┌─ Data for review
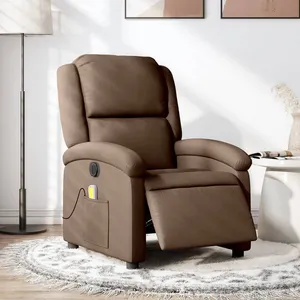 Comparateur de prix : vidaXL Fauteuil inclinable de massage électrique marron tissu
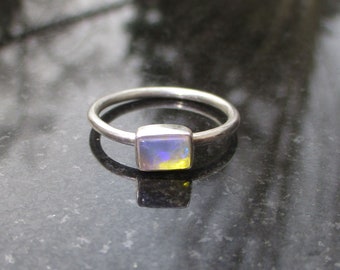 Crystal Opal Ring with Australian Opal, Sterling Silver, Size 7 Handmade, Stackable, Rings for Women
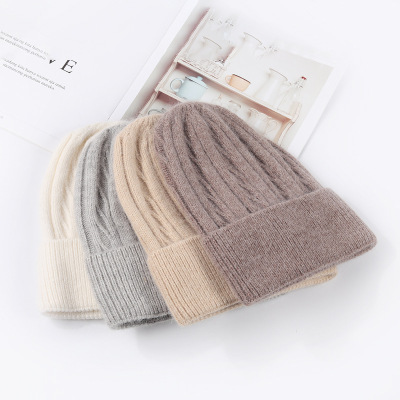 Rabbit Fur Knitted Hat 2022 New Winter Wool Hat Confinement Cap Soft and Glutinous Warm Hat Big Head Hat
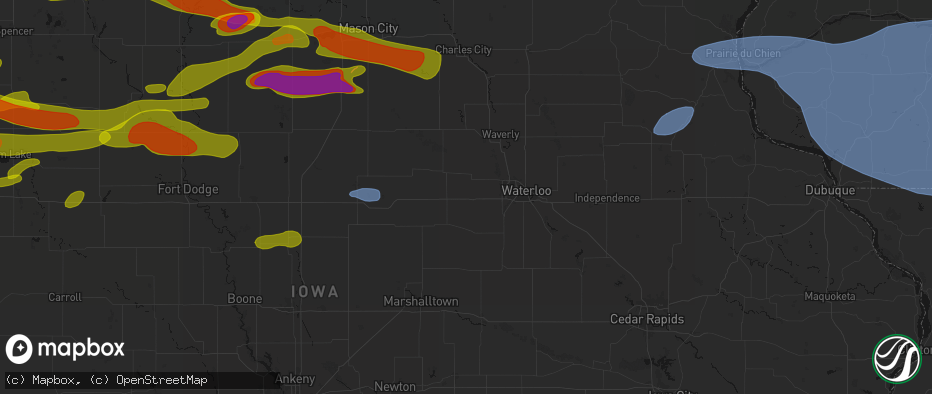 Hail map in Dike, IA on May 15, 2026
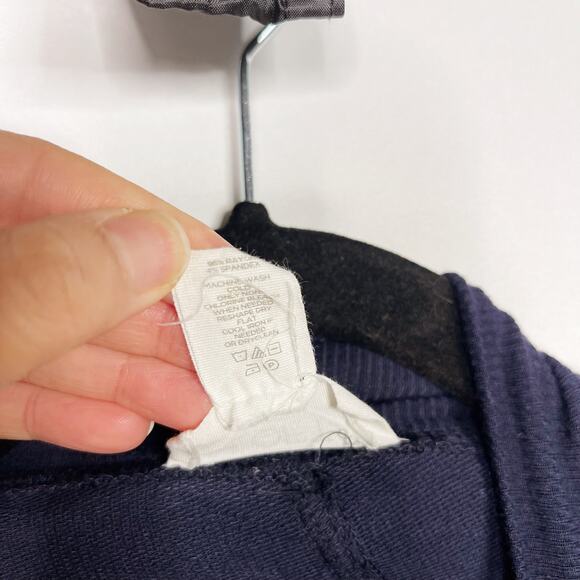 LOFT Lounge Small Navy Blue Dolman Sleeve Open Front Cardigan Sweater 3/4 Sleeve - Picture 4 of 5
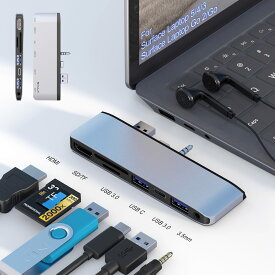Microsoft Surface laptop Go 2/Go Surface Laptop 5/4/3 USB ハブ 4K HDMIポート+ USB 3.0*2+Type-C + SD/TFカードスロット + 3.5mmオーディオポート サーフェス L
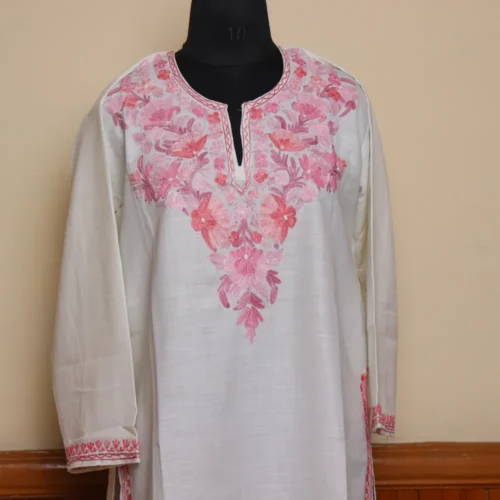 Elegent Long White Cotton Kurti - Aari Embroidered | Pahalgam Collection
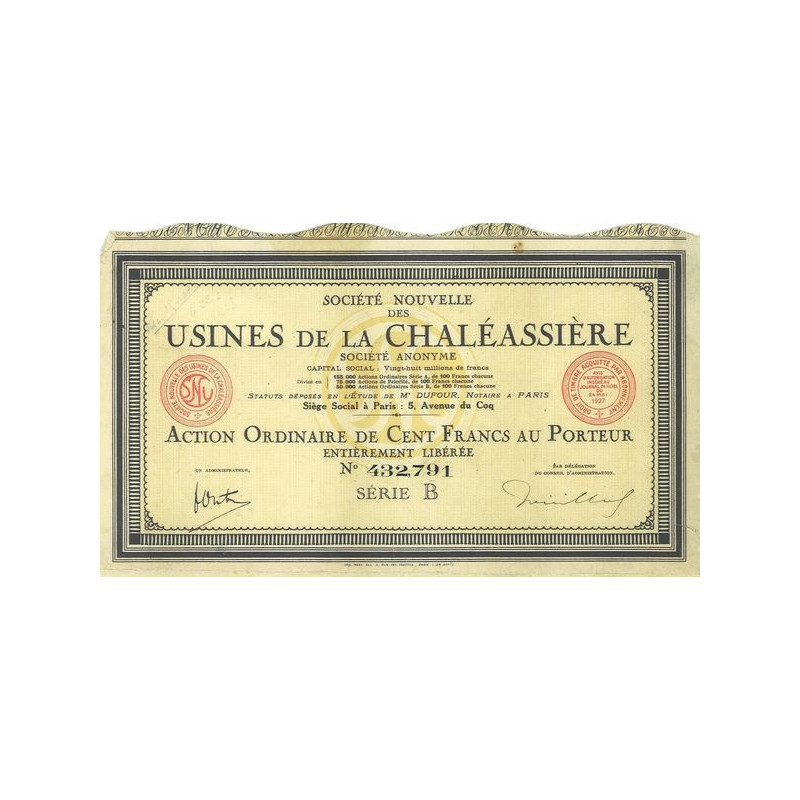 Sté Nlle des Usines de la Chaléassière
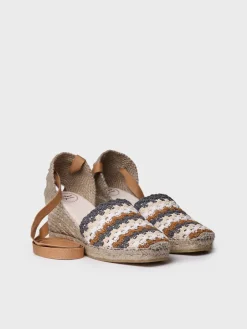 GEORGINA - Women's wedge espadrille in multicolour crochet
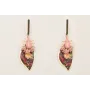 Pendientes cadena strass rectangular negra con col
└─
┌─ Data for review
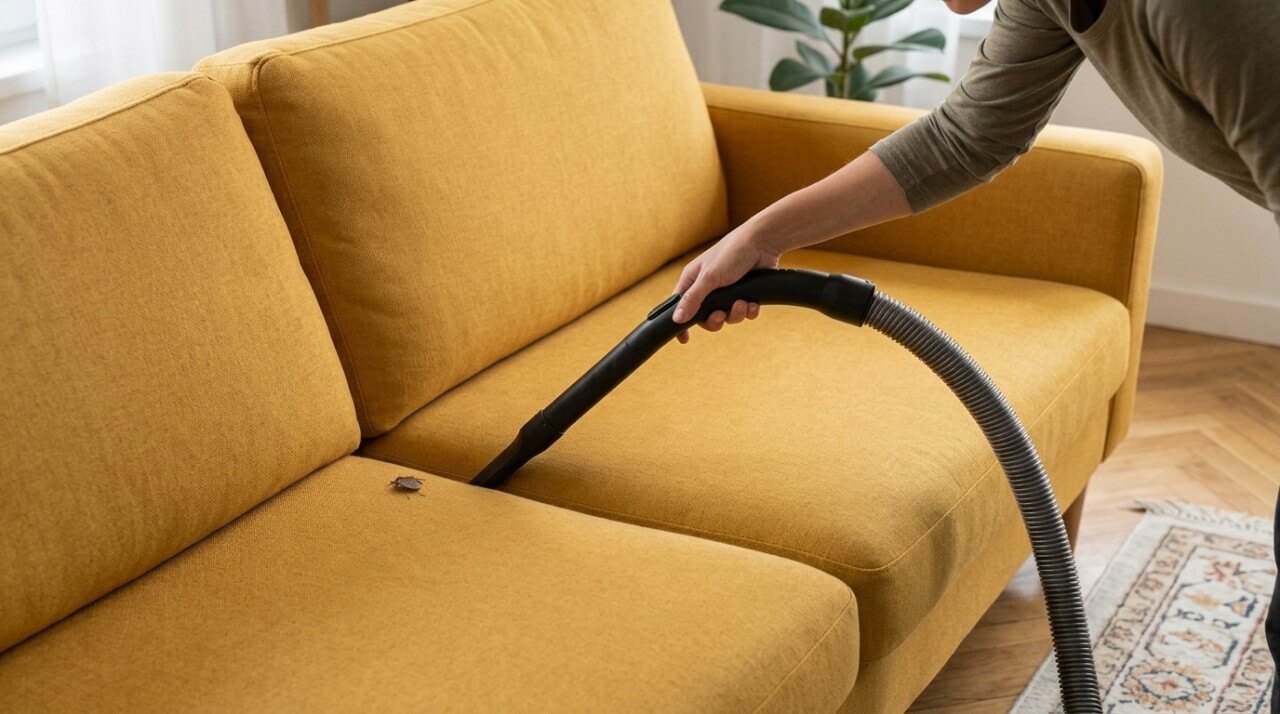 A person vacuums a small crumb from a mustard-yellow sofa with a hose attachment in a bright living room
└─
┌─ Data for review
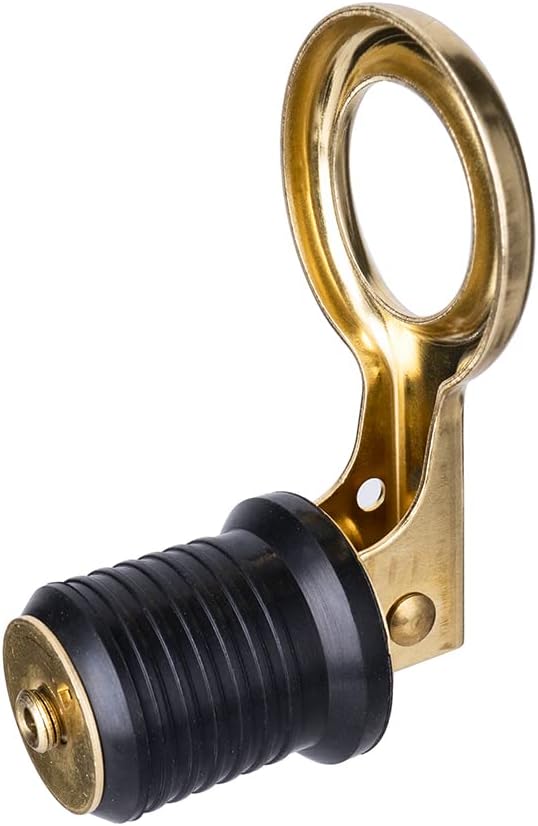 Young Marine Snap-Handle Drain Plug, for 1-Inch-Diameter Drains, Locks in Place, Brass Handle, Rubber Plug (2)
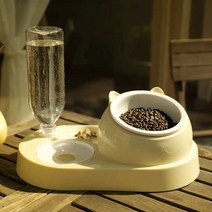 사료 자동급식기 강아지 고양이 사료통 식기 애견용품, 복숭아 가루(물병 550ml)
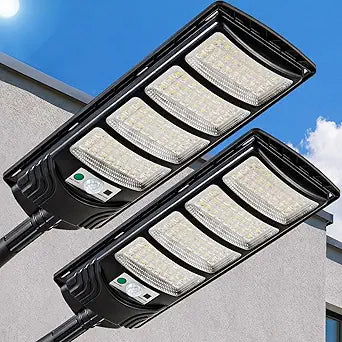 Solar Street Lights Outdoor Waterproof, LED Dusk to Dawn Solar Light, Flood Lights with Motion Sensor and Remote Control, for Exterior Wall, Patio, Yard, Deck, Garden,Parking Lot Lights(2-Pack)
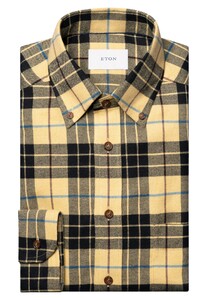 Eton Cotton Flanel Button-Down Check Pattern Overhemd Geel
└─
Between and including the line above that contains "Microsoft Surface laptop" and the line that contains "Pendientes cadena strass", restate every line word for word. Pictures stay out.

### Exercise result
Microsoft Surface laptop Go 2/Go Surface Laptop 5/4/3 USB ハブ 4K HDMIポート+ USB 3.0*2+Type-C + SD/TFカードスロット + 3.5mmオーディオポート サーフェス L
 Elegent Long White Cotton Kurti - Aari Embroidered | Pahalgam Collection
 Sté Nlle des Usines de la Chaléassière
 GEORGINA - Women's wedge espadrille in multicolour crochet
 Pendientes cadena strass rectangular negra con col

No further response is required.